内閣総理大臣 安倍晋三様

           靖国神社参拝に対する抗議声明
 
わたしたち日本キリスト教会靖国神社問題特別委員会は、あなたが12月26日に靖国神社に参拝したことに対し、厳重に抗議いたします。
そもそも一国の総理大臣が特定の宗教の施設で参拝することは、その宗教に肩入れすることになります。あなたが日本国憲法20条3項で言うところの「国及びその機関は、宗教教育その他いかなる宗教活動もしてはならない」と定めた、政教分離の原則を知らないはずはありません。言うまでも無く政教分離の原則は近代国家が歴史を通して獲得した普遍的な基本的人権の一つです。日本政府を代表する立場にあるあなたは、神社でも寺でも、またキリスト教会であっても、参拝したり礼拝したりすることは憲法で禁じられているのです。

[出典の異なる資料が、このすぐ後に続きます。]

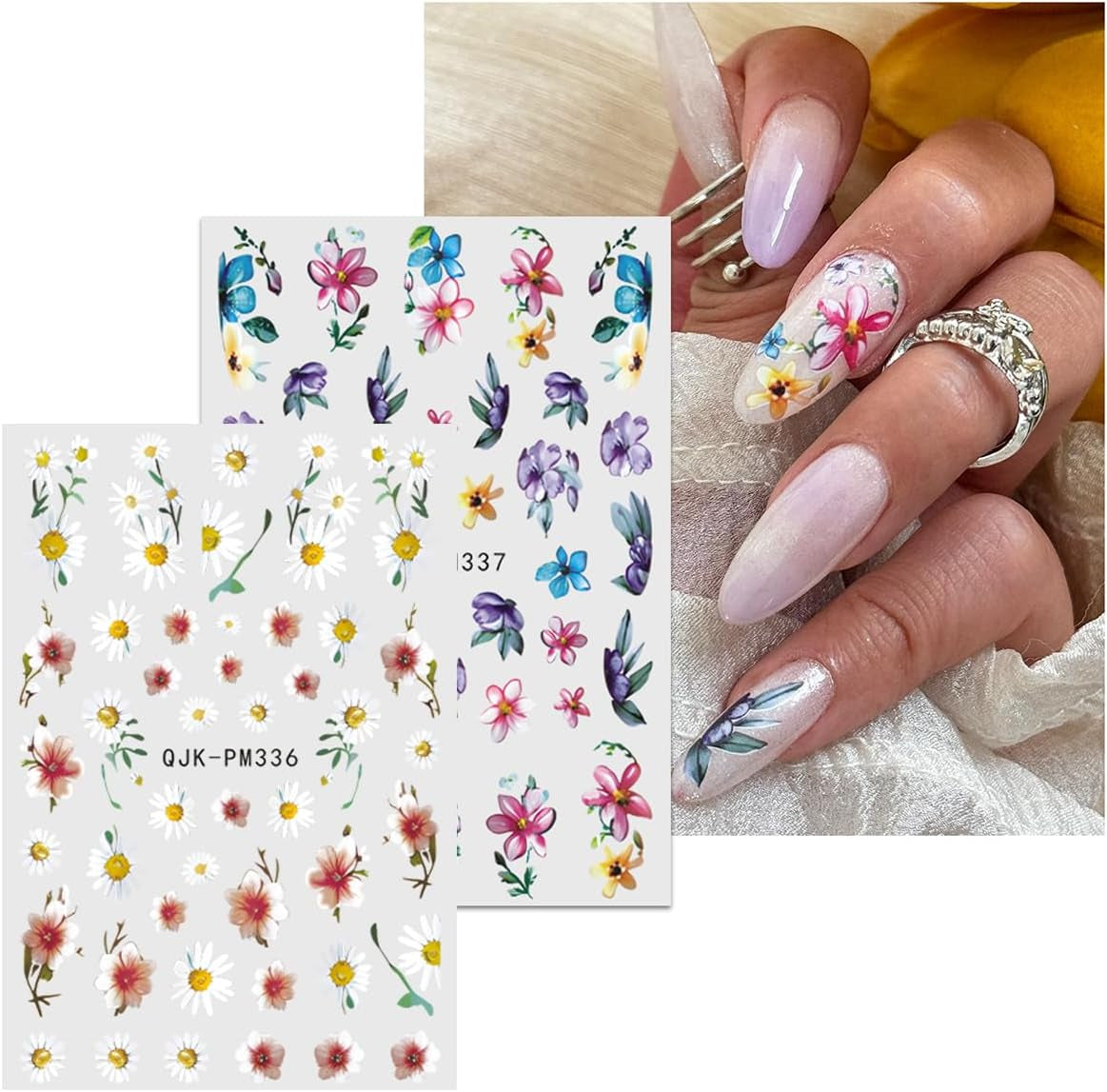 JMEOWIO Nálepka na nehty Blume 10 Blatt Nálepka na nehty Selbtklebend Nagelaufkleber Frühling Letní květinová dekorace Nageldesign Zubehör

さらに靖国神社は265万あまりの戦没者と共に、A級戦犯14人をも「神」として祀っているところから、参拝は国内、国外に重大な問題を引き起こします。あなたは参拝直後の談話の中で「日本は、二度と戦争を起こしてはならない。私は、過去への痛切な反省の上に立って、そう考えています」と言われましたが、どこに過去への痛切な反省があるのでしょうか。これは参拝の行為とは明らかに矛盾するものです。参拝することによって、先の大戦を引き起こしたA級戦犯を免罪にすることになります。また死んだ兵士たちを顕彰することで、彼らを戦場に駈りたて、死なせてしまった当時の政府の責任を無いものとします。その行き着くところは、国民に向かって、「今度戦争が起きたら、英霊に続いて、戦え」と言っていることと変わりありません。

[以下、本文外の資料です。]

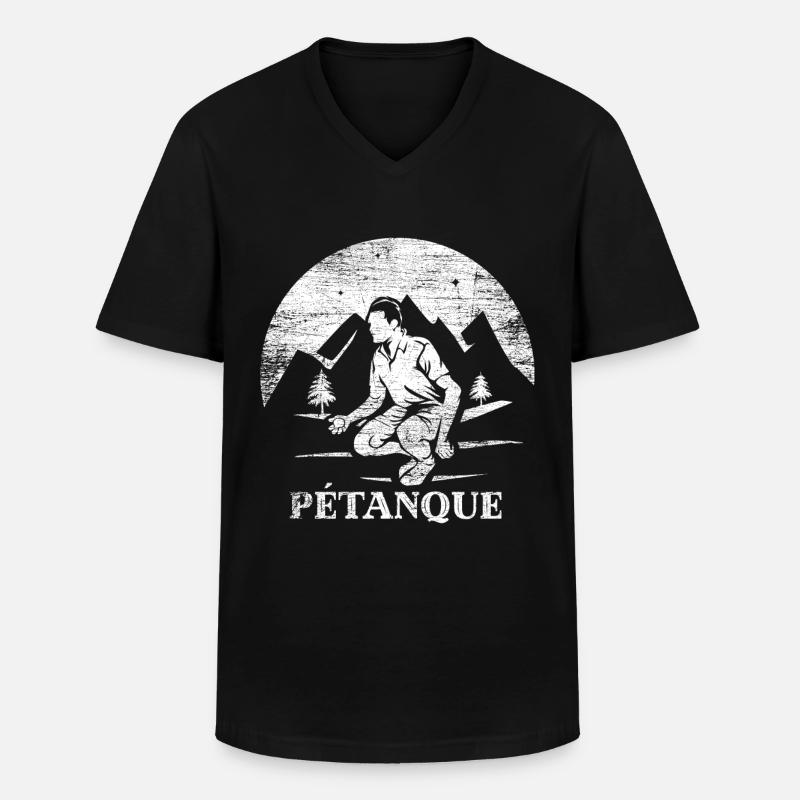 Pétanque - Männer-T-Shirt mit V-Ausschnitt - Schwarz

安倍首相、今回あなたは「靖国神社に合祀されない国内、及び諸外国の人々を慰霊する」とされる鎮霊社にも参拝しましたが、このようなごまかしは通用しません。鎮霊社の役割が慰霊であるとされているのに対し、靖国神社の役割は慰霊と共に顕彰にあるからです。
だから参拝は、不戦の誓いとなるはずがなく、幾多の戦争遺族をほんとうに慰めることにはなりません。
2000万人といわれる戦争犠牲者を出したアジア諸国が憤激するのは当然す。国際社会は、あなたの行為を深い憂慮をもって見つめています。
 私たちは、政教分離の原則を堅持し、日本が二度と戦争をしない、真実の意味での平和国家になることを求める立場から、改めて総理大臣の靖国神社参拝に反対し、今回のことを国内外に向かって謝罪し、これ以上靖国神社への関与をくり返さないよう強く要請いたします。